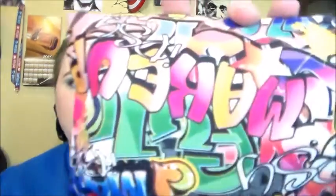Hi YouTube, it's Lena. Since my internet is out right now because it sucks, I'm going to catch up on some filming. Right now I have for you my Ipsy bag. It's actually a cute little graffiti bag.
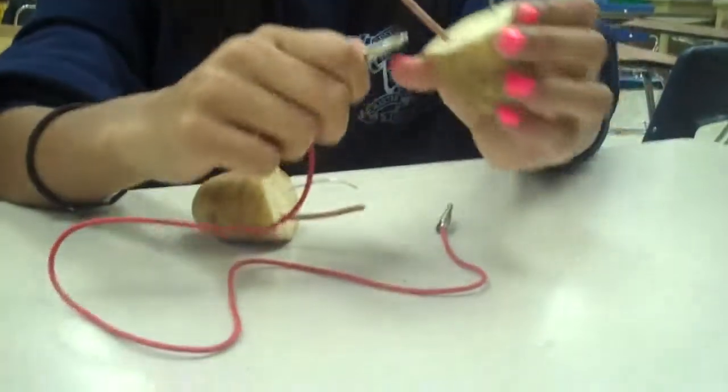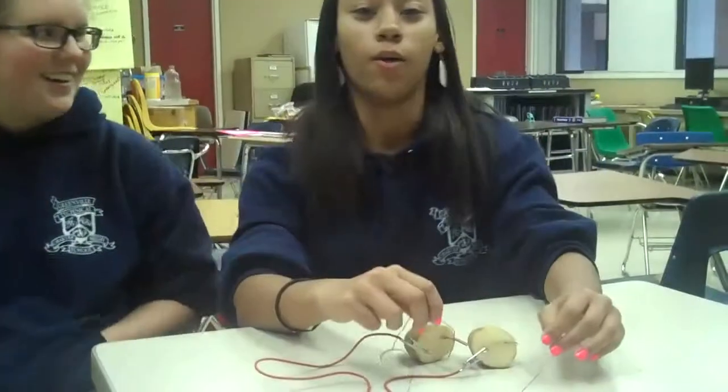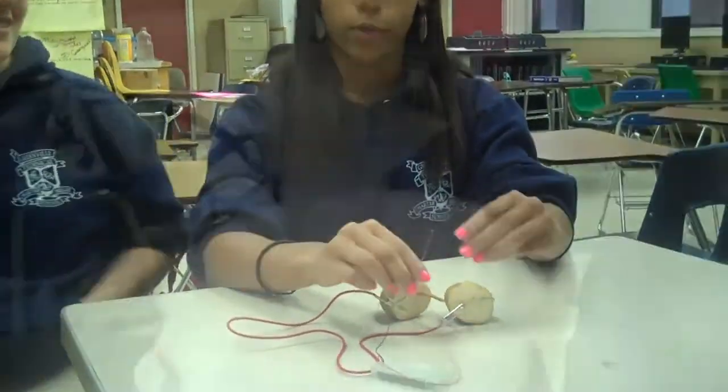One part of the alligator wire will connect to this copper. The other part — it might not work. It might work. Hopefully this works.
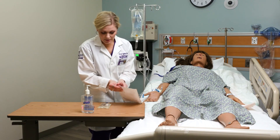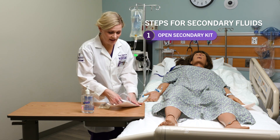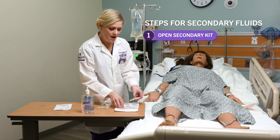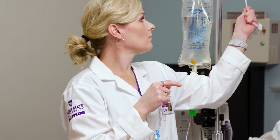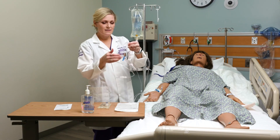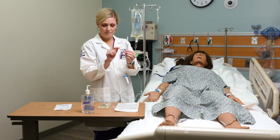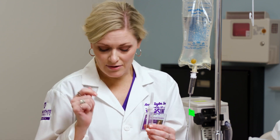There are actually two methods to prime this tubing. I'm going to show you what's called the back priming method — that's the preferred method so we don't waste any medication. You'll see there's a little hook that we're going to use to hook our primary fluids to. This secondary line is much shorter than our primary line, but it still has a roller clamp and a slide clamp, and we need space in that drip chamber so we can count our drips.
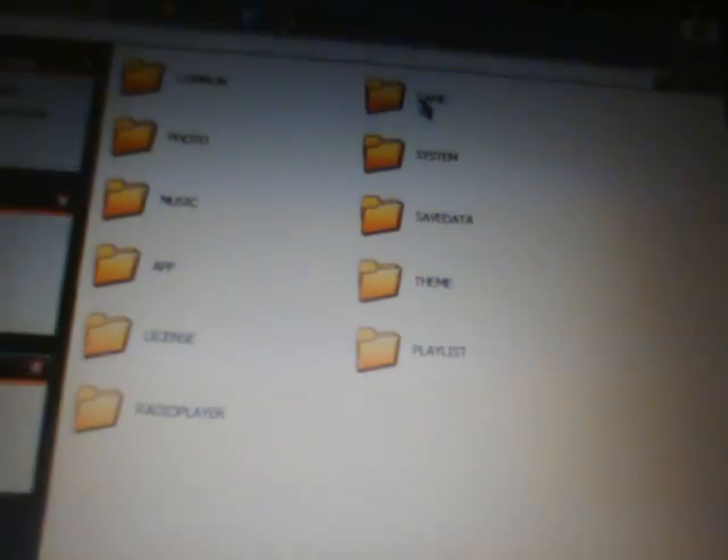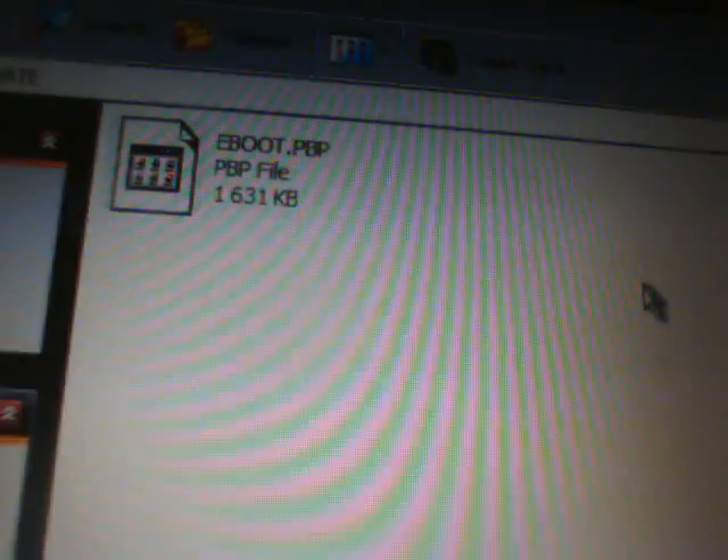Go back until you only see the UPDATE folder. Click on My Computer and open up the removable drive for the PSP. Go to PSP and then go to the regular GAME folder. Take the UPDATE folder from the extraction program and drag and drop it into the PSP GAME folder. Open up the UPDATE folder and you will see it is about 1,631 KB. Leave the UPDATE folder inside the PSP GAME folder, like so.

Exercise directions
Without including any pictures, set down word for word every line from the one containing "There are actually" through the last line of the material.

Written answer
There are actually two methods to prime this tubing. I'm going to show you what's called the back priming method — that's the preferred method so we don't waste any medication. You'll see there's a little hook that we're going to use to hook our primary fluids to. This secondary line is much shorter than our primary line, but it still has a roller clamp and a slide clamp, and we need space in that drip chamber so we can count our drips.
Go back until you only see the UPDATE folder. Click on My Computer and open up the removable drive for the PSP. Go to PSP and then go to the regular GAME folder. Take the UPDATE folder from the extraction program and drag and drop it into the PSP GAME folder. Open up the UPDATE folder and you will see it is about 1,631 KB. Leave the UPDATE folder inside the PSP GAME folder, like so.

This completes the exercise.